Purists believe that the sandwich must be made with New Orleans French bread to be termed a true po'boy sandwich. The French bread of New Orleans has a distinctive crackly crust and a dense, chewy exterior. The small variations in the bread are caused by local yeasts, which are collected when bakeries make a bread starter. The bread is typically purchased from bakeries, rather than being baked on site, since many sandwich stands have very simple facilities.

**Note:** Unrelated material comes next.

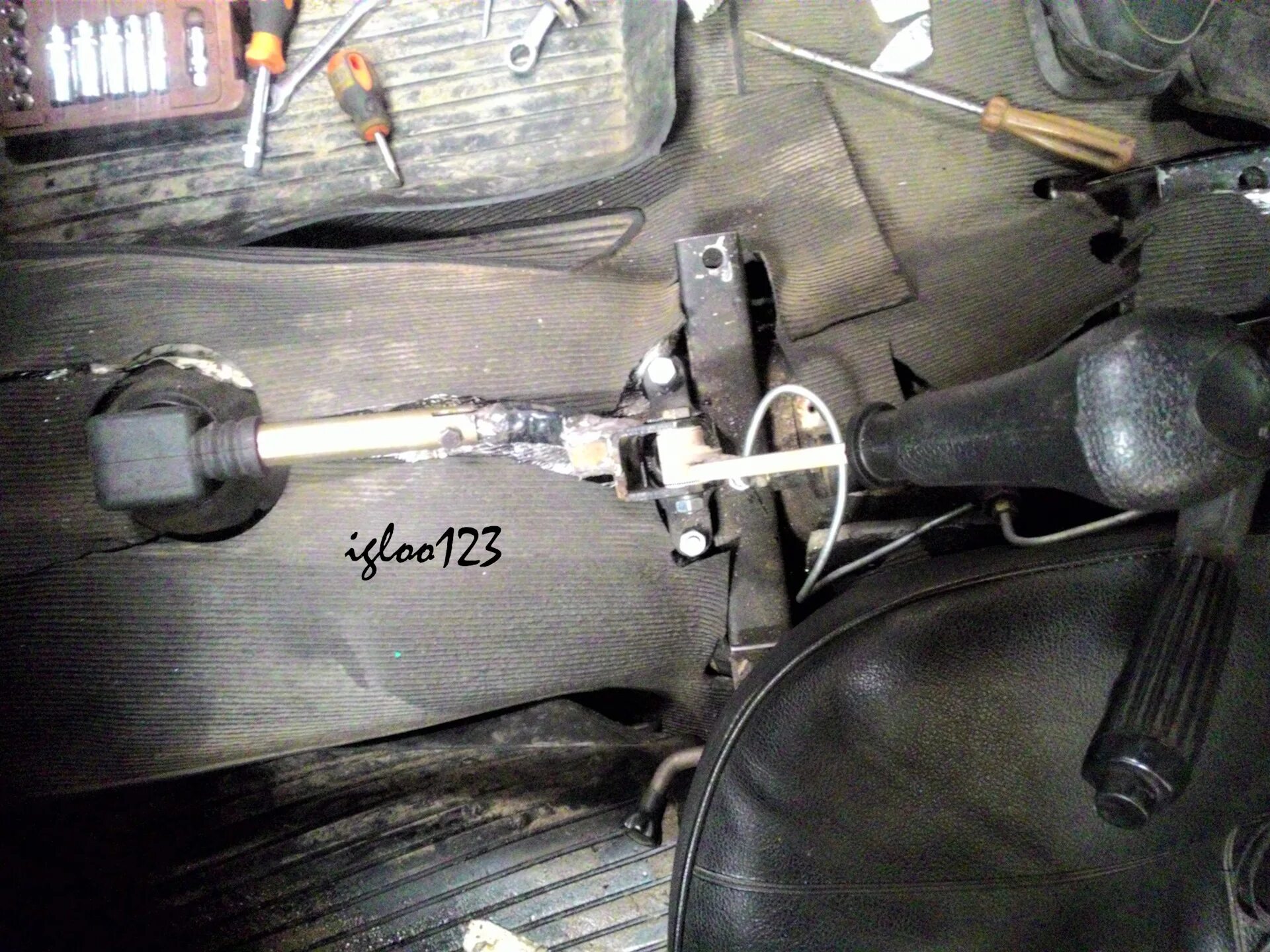 Короткоходная кулиса ваз 2107. Короткоходная кулиса 2105. Снятие педали сцепления ваз 2107. 2105 lada кулиса. Кх кулиса ваз 2105.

In many cases, a po-boy is made with seafood such as oysters or shrimp, which may be battered and fried or stewed. In this case, the po'boy sandwich is served hot, and the bread is usually toasted so that it will not become soggy. Cold sandwiches made with meats like ham and roast beef are also not uncommon, and they may be slathered with hot gravy. Mustard is also a standard inclusion in a po'boy sandwich. If a sandwich is ordered “dressed,” it will include lettuce, tomato, onions, pickles, and mayonnaise.
It is generally believed that the po'boy was invented in the 1920s by the Martin brothers, two former streetcar drivers who wanted to support a streetcar strike. The brothers decided to hand out free sandwiches to the “poor boys” who were striking, and the sandwiches quickly became popular with others as well. By the 1930s, numerous po'boy sandwich stands were thriving.

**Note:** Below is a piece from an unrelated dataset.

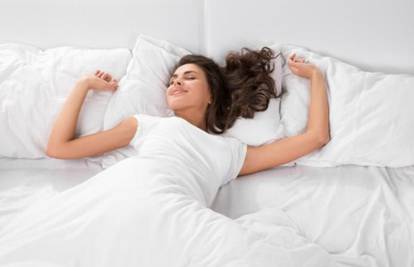 7 trikova kojima ćete spriječiti nastajanje bora dok spavate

The po'boy sandwich continues to be a cheap and popular meal in New Orleans, and it is a common lunch counter offering. Various sizes are available to cater to different appetites, with many people especially enjoying seafood po'boys. Small variations in the dressing are also not uncommon; some establishments, for example, use shredded cabbage instead of lettuce in “dressed” sandwiches. In some cases, a sandwich shop will offer only cold po'boys, saving costs by not installing stoves or a deep fryer, although it may keep gravy hot on a burner.
Those sound like great sandwiches. Someone needs to open a po'boy shop in Phoenix.
@ Amphibious- When I was in Alabama for school, I used to get French fry po'boys dressed dirty. It sounds weird, but it was a po'boy filled with spicy seasoned hand cut fries, and topped with dirty gravy. Dirty gravy was basically the roast beef gravy that the fresh roast sits over. When the cook shaves the roast beef of the rotisserie rack, all the little bits fall in the gravy, making for one heck of a po'boy.
The roast beef po'boys were, really good too. The beef was roasted, then placed on the rotisserie where it was brushed with their special seasonings before it was sliced and slapped between a piece of crusty French baguette. Those were the days...being able to eat a thousand calories in a single sandwich without gaining an inch.
When I lived in Tallahassee, I used to go to this little po'boy shack by my campus to get the best po'boys ever. I would always get a fried shrimp and oyster po'boy dressed with finely shredded cabbage, tomatoes, and topped with a spicy pickle remoulade.
They also had a fried green tomato po'boy that was out of this world. It had fried green tomatoes on a bed of shaved cabbage with pickled hot peppers (they were sweet pickled on site too), and a whole grain mustard and mayo sauce. After reading this article, I am craving a po'boy hardcore.